§ EXERCISE BRIEF
Keep to one stretch of the data below, the lines from the one with "ترقية وتحديث ويندوز" up to and including the one with "从鲁德亚德·吉卜林到扎迪·史密斯:现当代英国流散文学研究", and return that stretch exactly.

§ DATA RECORDS

-----

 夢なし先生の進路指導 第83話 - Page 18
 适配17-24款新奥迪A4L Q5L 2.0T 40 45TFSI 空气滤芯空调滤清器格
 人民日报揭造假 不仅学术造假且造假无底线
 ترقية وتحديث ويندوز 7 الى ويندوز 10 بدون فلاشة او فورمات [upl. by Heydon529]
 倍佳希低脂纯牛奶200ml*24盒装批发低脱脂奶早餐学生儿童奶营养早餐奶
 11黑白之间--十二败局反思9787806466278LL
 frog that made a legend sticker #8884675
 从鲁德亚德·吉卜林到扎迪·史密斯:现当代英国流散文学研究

-----

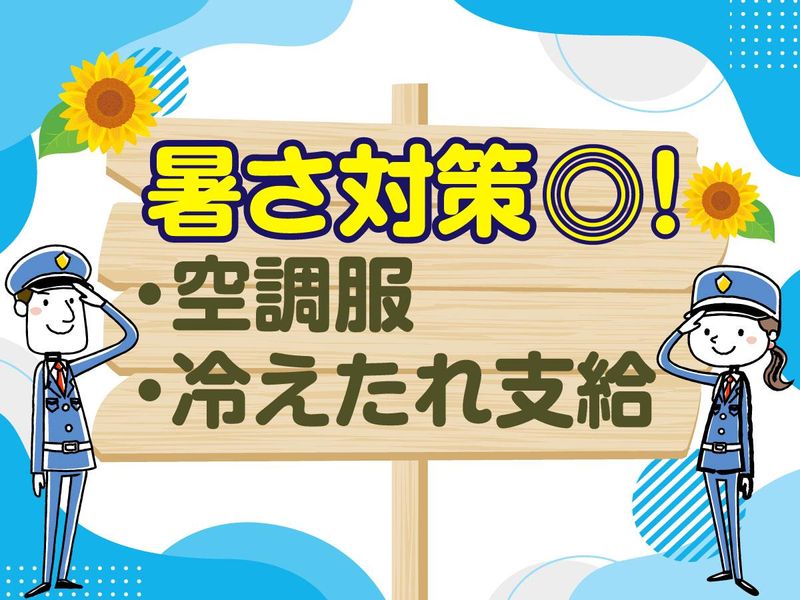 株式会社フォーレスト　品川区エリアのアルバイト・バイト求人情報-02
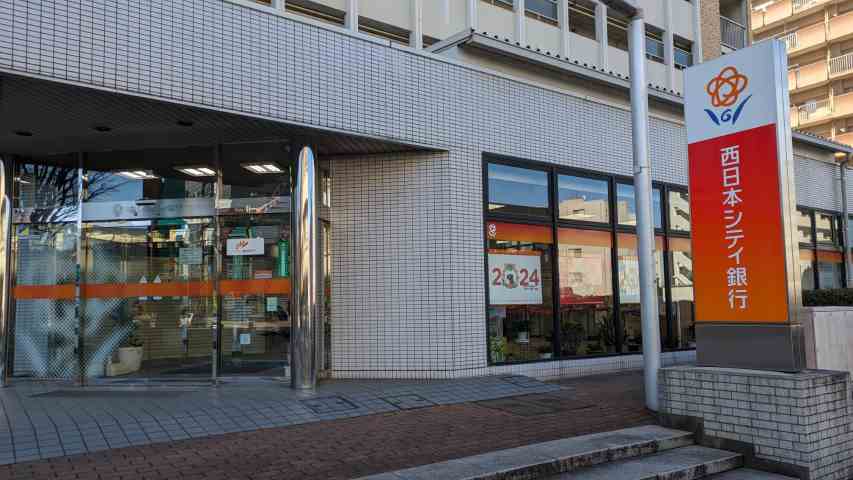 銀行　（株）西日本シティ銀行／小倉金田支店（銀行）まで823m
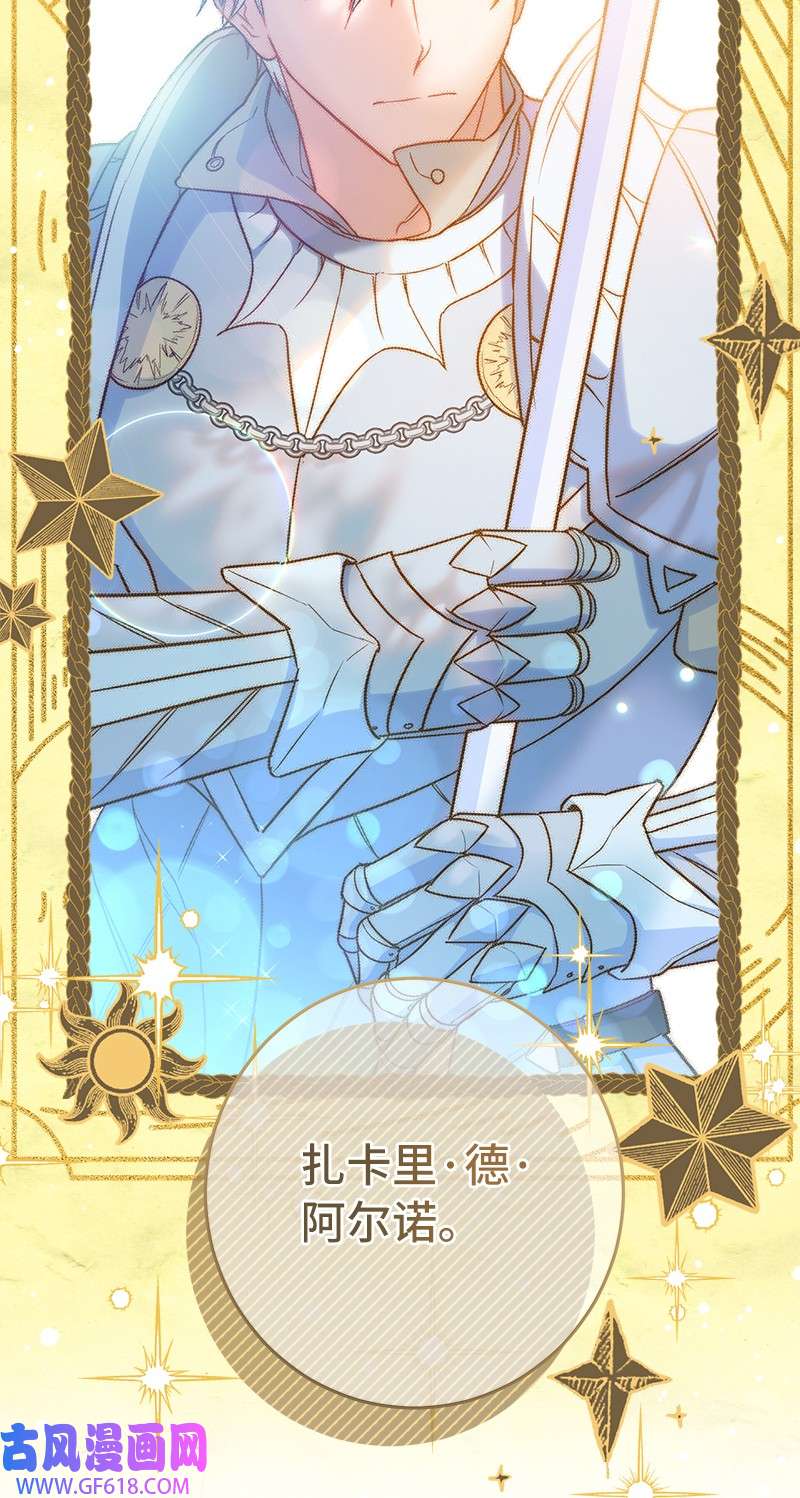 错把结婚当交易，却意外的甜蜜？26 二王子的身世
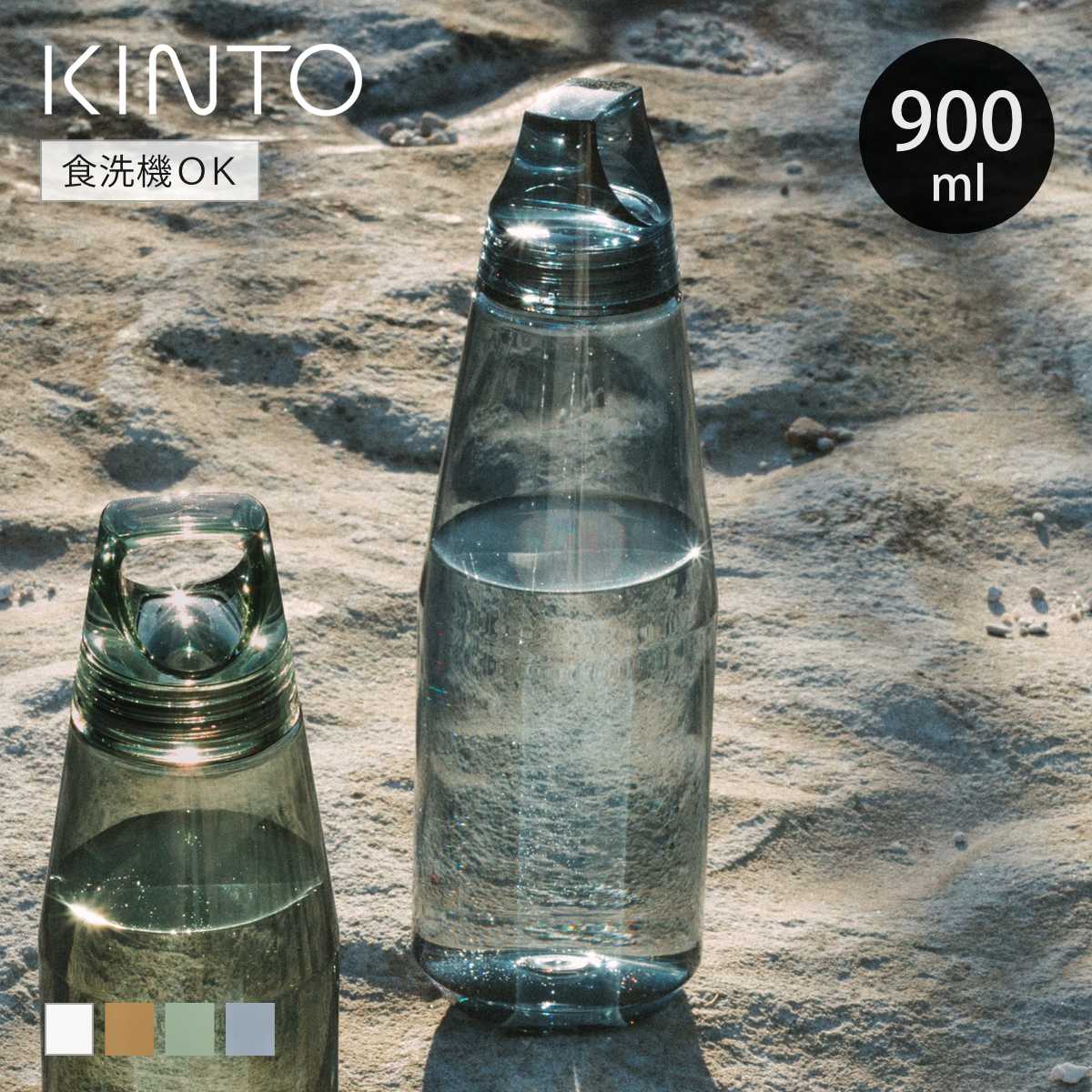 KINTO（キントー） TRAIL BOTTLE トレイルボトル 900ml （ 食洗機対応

-----

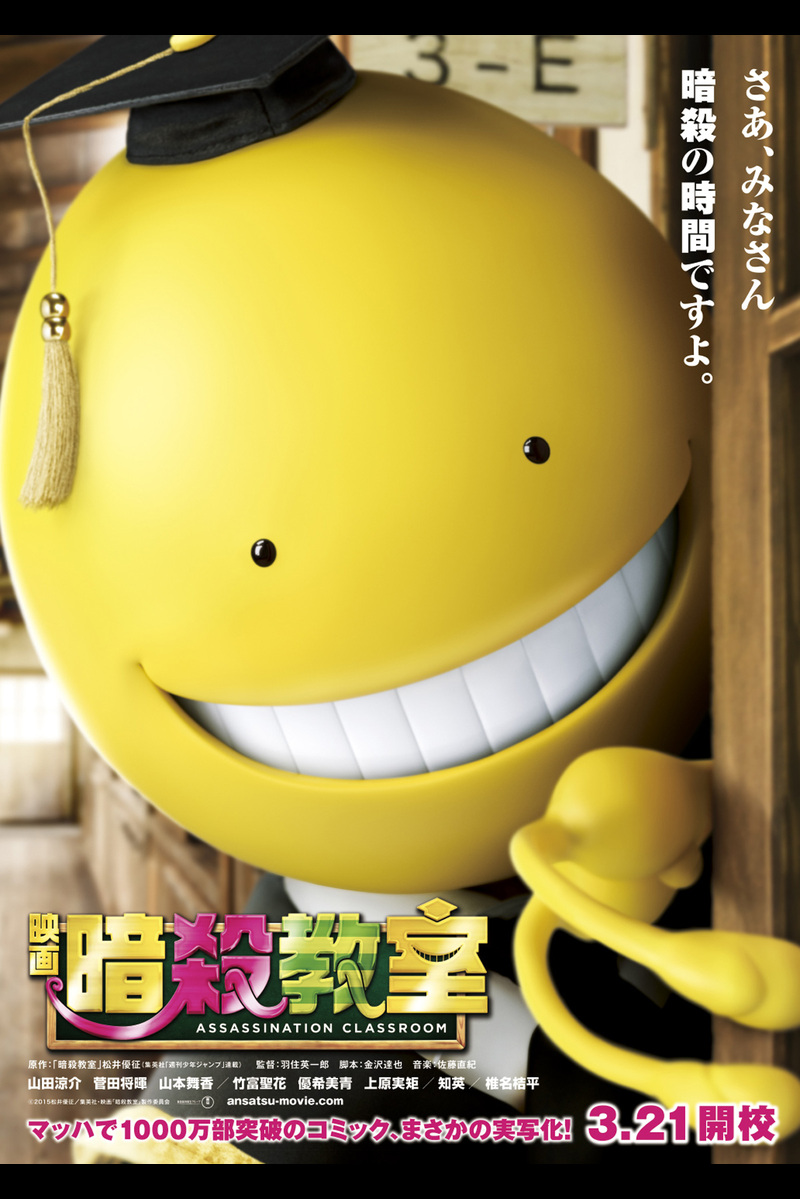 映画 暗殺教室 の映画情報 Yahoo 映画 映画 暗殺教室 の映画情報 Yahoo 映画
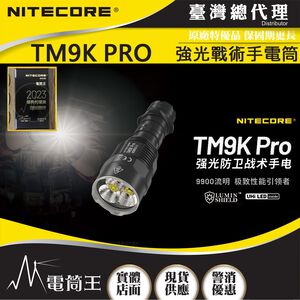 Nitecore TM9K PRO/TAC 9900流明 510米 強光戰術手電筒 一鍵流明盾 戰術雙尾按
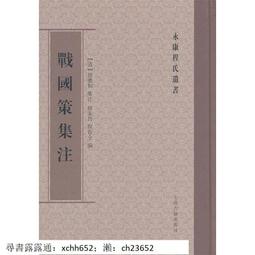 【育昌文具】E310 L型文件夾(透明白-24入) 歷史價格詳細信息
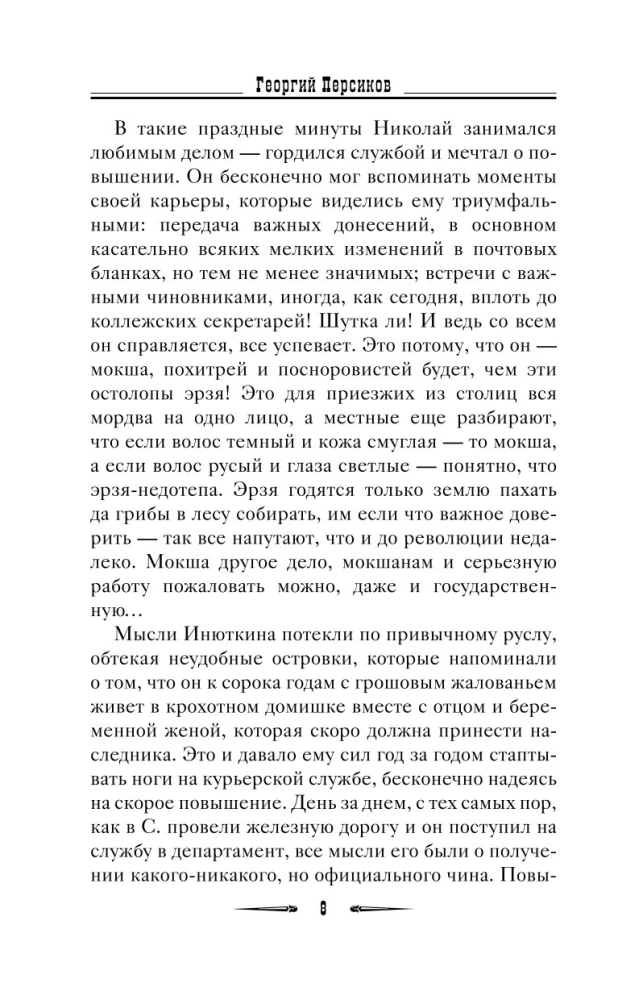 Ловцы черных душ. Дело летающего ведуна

-----

§ ANSWER TO THIS PROBLEM
 ترقية وتحديث ويندوز 7 الى ويندوز 10 بدون فلاشة او فورمات [upl. by Heydon529]
 倍佳希低脂纯牛奶200ml*24盒装批发低脱脂奶早餐学生儿童奶营养早餐奶
 11黑白之间--十二败局反思9787806466278LL
 frog that made a legend sticker #8884675
 从鲁德亚德·吉卜林到扎迪·史密斯:现当代英国流散文学研究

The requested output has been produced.